Was there that imbalance in the other Senators from Saskatchewan’s charges?   No, not that I’m aware of.

But, I mean, they were more on the direct-to-home flights, as opposed to the "other" flights?

Yeah. I, you know, I do a lot of public speaking. I do a lot of other events.

Are those for the Senate or are those for the party?

No, for the Senate. I did very little direct party work. Obviously in Saskatchewan, I went and campaigned for some of my colleagues, obviously I would do that.  But, there weren’t charges associated with that, because I’m actually at home.

You know there have been other examples with other Senators of this issue of double billing.

Yeah. And we have found none of that. Zero. None.

You’ve found none, and the auditors have found none?

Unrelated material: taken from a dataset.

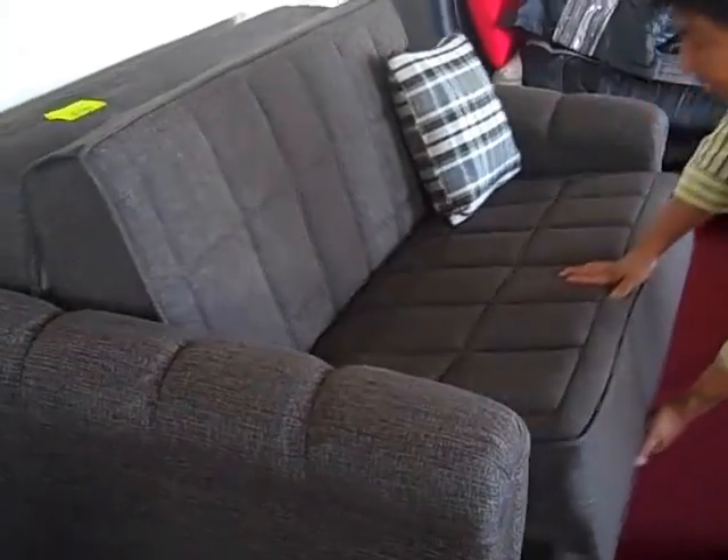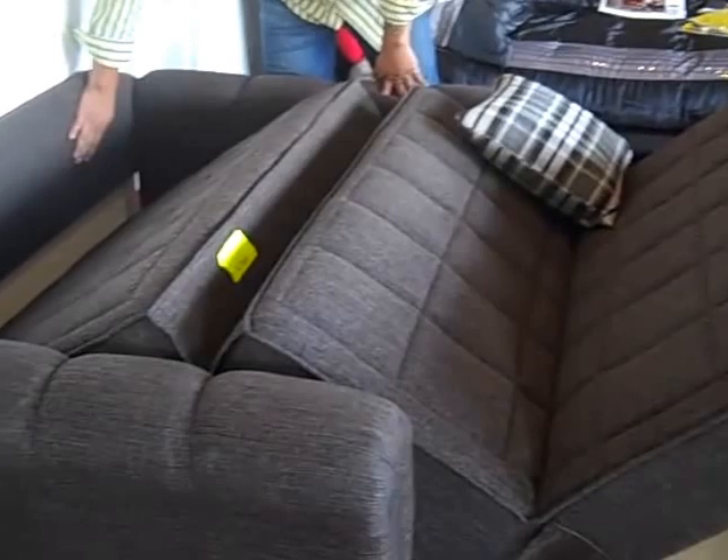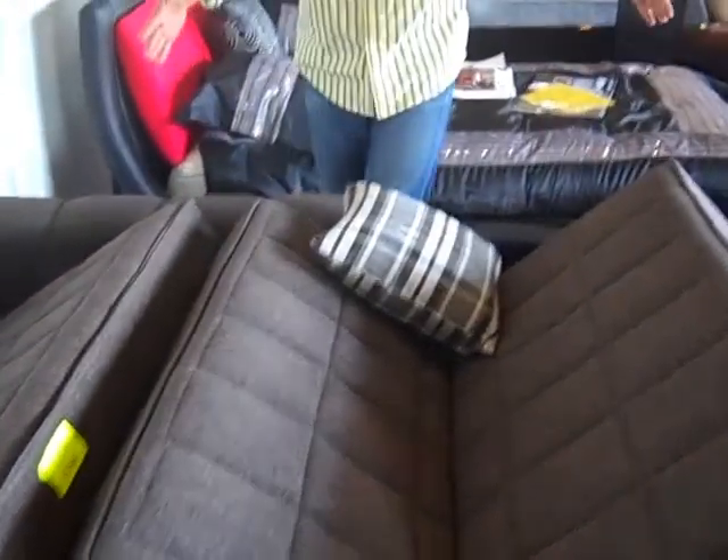This futon comes unassembled with the arms in one box, the back panel and back cushion in another box, and the other two cushions in the last box.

Well I don’t know what the auditors have found because we don’t have the report.  That’s why nobody, you know, more than me, wants that report, as soon as we possibly can. This is a total distraction from what I want to do. I want to do my work. As I said, I only signed up for a short time. So I want to make the best use that time.  I don’t want to take time away from the causes that I think are important. To really be settling this and dealing with this on a daily basis and being chased by cameras – it it’s just a horrible process. I mean, I’ve had camera crews outside the old folks’ home in Wadena where my mother who has dementia lives, you know. This is nuts. They didn’t sign up for the Senate, I did, so I don’t want my family and my friends and my community impacted by this. You know, it’s not their issue, it’s mine. So the sooner that we can solve this –

So you don’t mind them chasing you around, it’s when it starts — ?

Of course I mind.

But you know the profession. That’s part of the profession.

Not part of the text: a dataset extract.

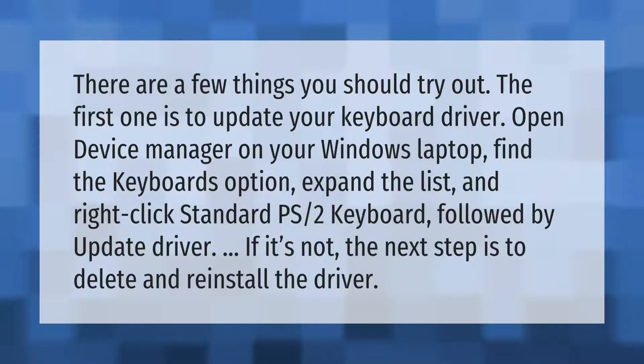There are a few things you should try. The first is to update your keyboard driver. Open Device Manager on your Windows laptop, find the Keyboards option, expand the list, and right-click Standard PS/2 Keyboard, then select Update Driver. If that doesn't work, the next step is to delete and reinstall the driver.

Well, it is. It’s a greater part than I think than it used to be. I mean, I can’t imagine what my mother would have to say, in her condition, that would shed any light on this story. So, I don’t think that’s about journalism. But, you know, it’s tough on everybody going through this. So, you know, I want it to be dealt with. And then I can get back to doing what I think matters.

Let me back it up a little bit. Because, as you well know, a lot of Canadians are not just puzzled by this, they’re mad about it.

Absolutely.

So let’s deal with a couple of the issues on that front. You’ve paid back tens of thousands of dollars. There may be more.  You have resigned from the Conservative caucus, or at least stepped back from the conservative caucus.  You’ve resigned your positions on a number of boards.

Yes.

But, you haven’t resigned from the Senate. Why not?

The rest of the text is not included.